Ha that is what I have been doing wrong. I have been typing mobile1.com not 1mobile.com

Sent from my Kindle Fire using Tapatalk


----------



## teri (Sep 13, 2010)

I have the paid version cause I can not stand the dang ads so I had to do it the round-a-bout way.


----------



## gilly78201 (Nov 12, 2011)

I love this game. but I need more colors..lol


----------



## teri (Sep 13, 2010)

gilly78201 said:


> I love this game. but I need more colors..lol


I feel the same way...I mean really, no green?  I haven't read all the instructions to the game but it looks like if I play it enough I can "buy" color packages with my winnings. I am enjoying it but I've all ready seen it repeat items to draw.


----------



## krm0789 (Dec 21, 2010)

teri said:


> I feel the same way...I mean really, no green?  I haven't read all the instructions to the game but it looks like if I play it enough I can "buy" color packages with my winnings. I am enjoying it but I've all ready seen it repeat items to draw.


Yes. Color packages are 249 coins... I was obsessed with hitting that so I could get some more darn colors! I bought the mardi gras packages which has grey, green, purple, orange, etc.
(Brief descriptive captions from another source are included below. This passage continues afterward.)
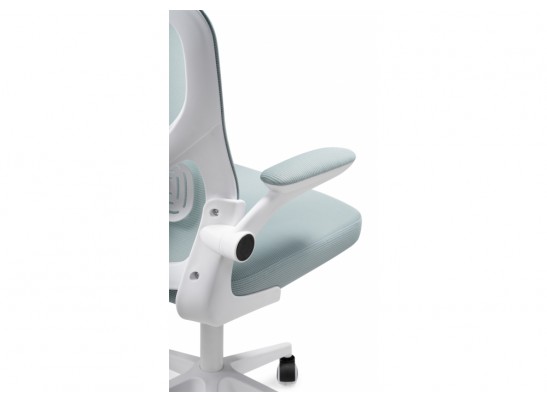 Компьютерное кресло Konfi blue / white в Каменске-Уральском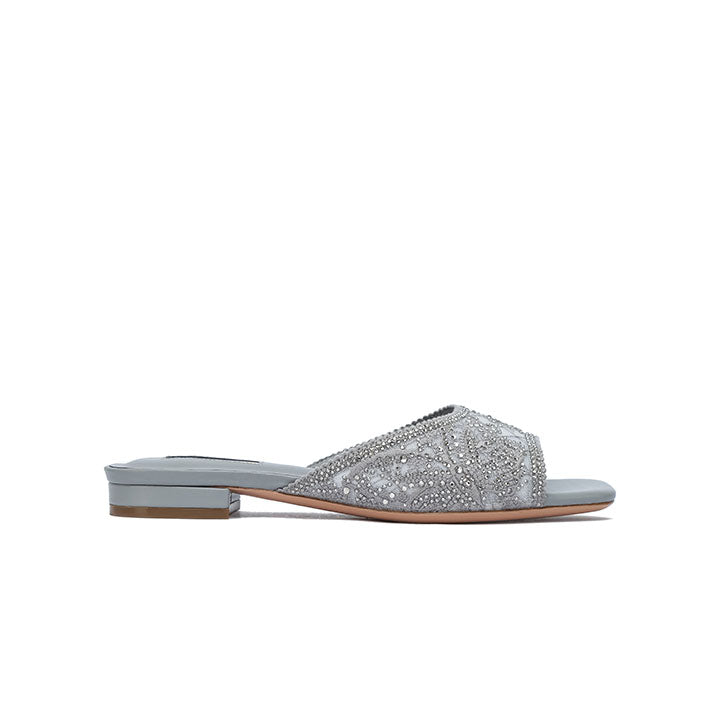 Issac Flat Sandal #color_grey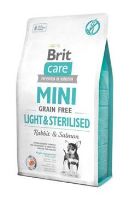 Brit Care Dog Mini Grain Free Light & Sterilised 2kg Brit Care Dog Mini Grain Free Light & Sterilised 2kg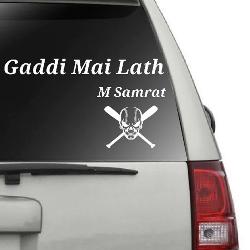 Gaddi Mai Lath-QyQsfyt-VGo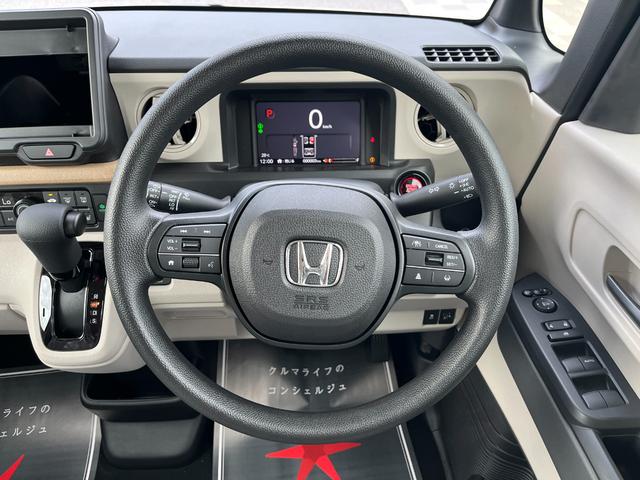 N-BOX ベースグレード 届出済未使用車 両側電動スライドドア 衝突被害軽減ブレーキ コーナーセンサー アダクティブクルーズコントロール アイドリングストップ スマートキー LEDヘッドライト シートヒーター バックカメラ(14枚目)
My drawings are much more fun now 

I believe the paid version has more words, but the Fire's my only Android device so idk how to pay for it & get it on there.


----------



## Scheherazade (Apr 11, 2009)

Zynga just bought it... for better or for worse.  Guess we'll see.  The guy in charge said some pretty nasty things on Twitter, though, makes me kind of not want to support it at all -_-


----------